I just got this new dvd/rw from LG. I can't watch DVD's with Windows media player. I don't want to download any secondary software like powerDVD. Do I have to install any patches or drviers for Media player to work? I have seen LG DVD/RW with 48X24X48 that works. Mine is newer; shouldn't it work?

thanks


----------



## [tab] (May 11, 2004)

I don't think Windows Media Player can play DVDs without other software being installed.


----------



## tooty816 (May 12, 2004)

*Windows Media Player and DVDs*

Hi,

What kind of software do I need? I have seen it done on my friend's computer, like I said. He has almost the exact same LG DVD player as I do. He's also running WinXP with the newest Media Player released.

Thanks


----------



## [tab] (May 12, 2004)

I have no idea, I don't use MS Windows to watch DVDs, maybe you could ask your friend how he set his up?


----------



## Death_Shadow (May 18, 2004)

tooty816 said:
			
		

> Hi,
> 
> What kind of software do I need? I have seen it done on my friend's computer, like I said. He has almost the exact same LG DVD player as I do. He's also running WinXP with the newest Media Player released.
> 
> Thanks


 You'll have to update your drivers i think, see the thread i replied to somwhere else, not entirely sure where....sorry that probs doesn't help, but yeh, otherwise u need different software. Personally i recomend PowerDVD!


----------



## Praetor (Jul 10, 2004)

> I don't think Windows Media Player can play DVDs without other software being installed.
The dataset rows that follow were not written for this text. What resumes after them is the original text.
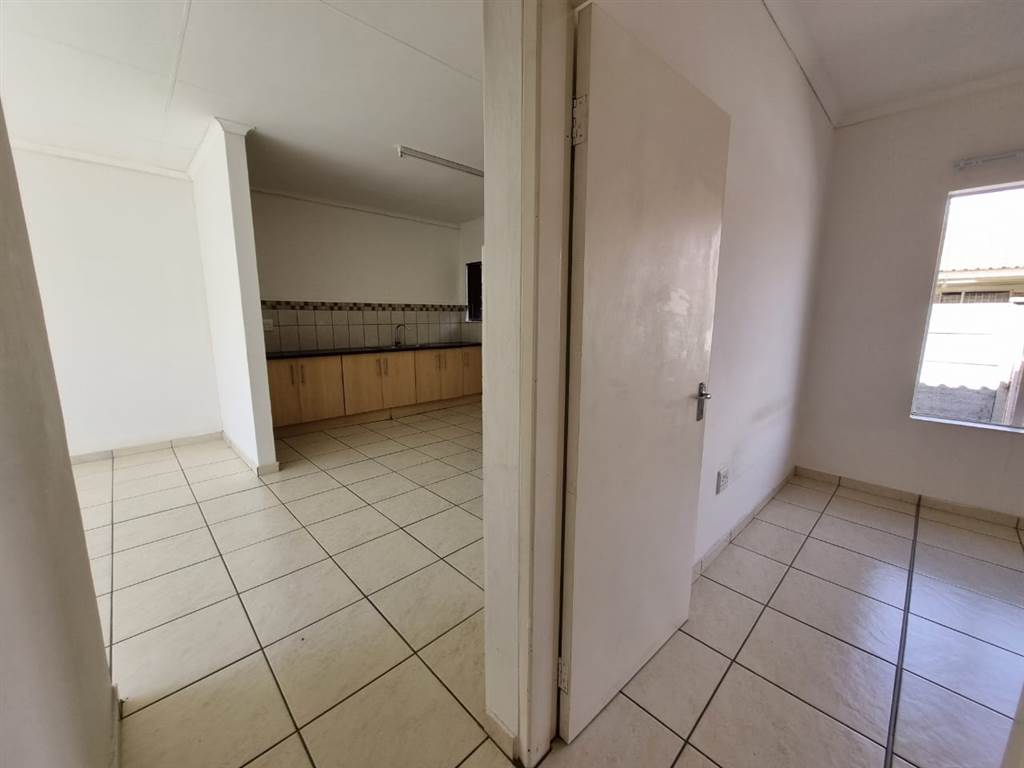 3 Bed Townhouse in Bloemfontein photo number 9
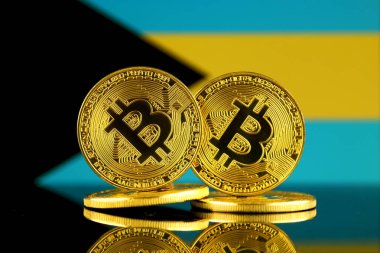 Bitcoin ve Bahamalar bayrağı fiziksel sürümü. Yakın çekim.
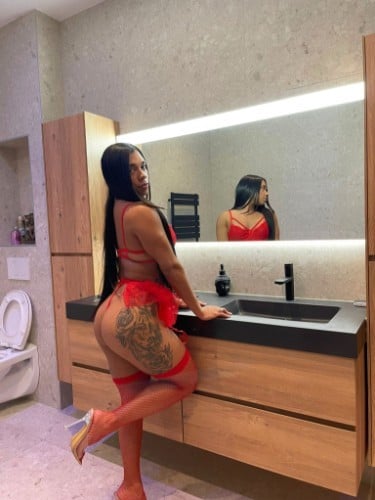 Escort trans Barbara bitencort à Nîmes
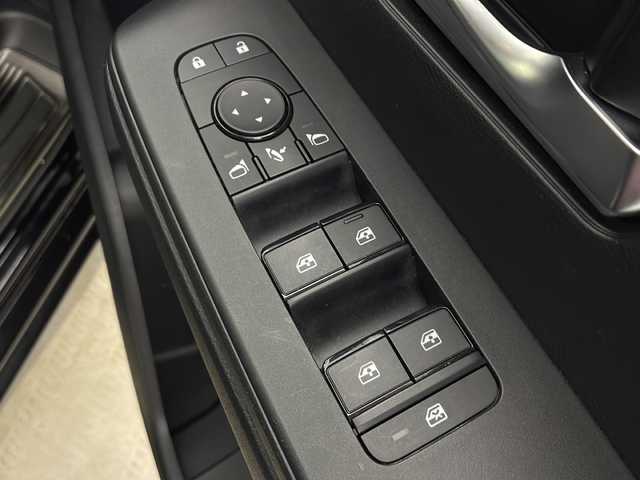 日産 セレナ ハイウェイスター V 秋田県 2023(令5)年 4.8万km ダイヤモンドブラック ４WD/Bluetooth/AM/FM/ビルトインETC/前席シートヒーター/後席シートヒーター/ステアリングヒーター/パドルシフト/両側パワースライドドア/純正AW/前後コーナーセンサー/アイドリングストップ/クルーズコントロール/オートマチックハイビーム/カーテンエアバック/サンシェード/HDMI入力端子/USB入力端子/スマートキー/スペアキー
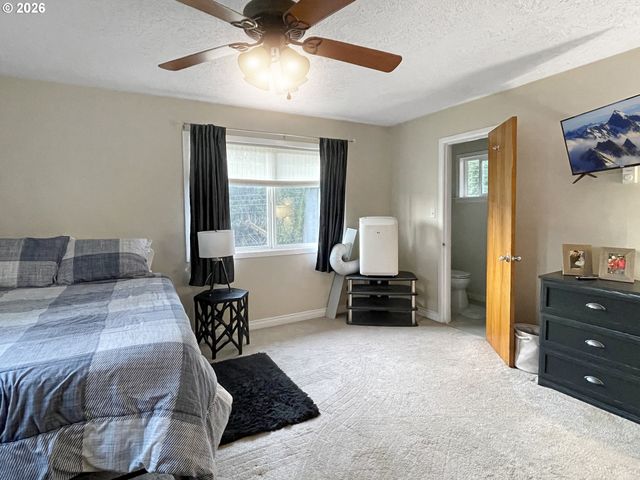 502 COAL CREEK Rd, Longview, WA 98632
Absolutely correct, you will need a functional MPEG2 codec installed (i.e., any software DVD player program). Even then, WMP is not the ideal choice for DVD playback as it simply was not designed for that role. Maybe they'll fix that with WMP10


----------



## Nephilim (Jul 20, 2004)

The basic versions of either PowerDVD or WinDVD can be had on ebay for under $10 and will supply thye needed codec


----------



## Praetor (Jul 20, 2004)

Seems like a free DVD player ... not sure how good/reliable it is though: http://www.cliprex.com/free_dvd_vid.../catid,7/order,dmdate_published/ascdesc,DESC/


----------



## CooLPistoL (Jul 30, 2004)

Im using WinDVD, its great. Got it for free when i bought my first dvd rom.


----------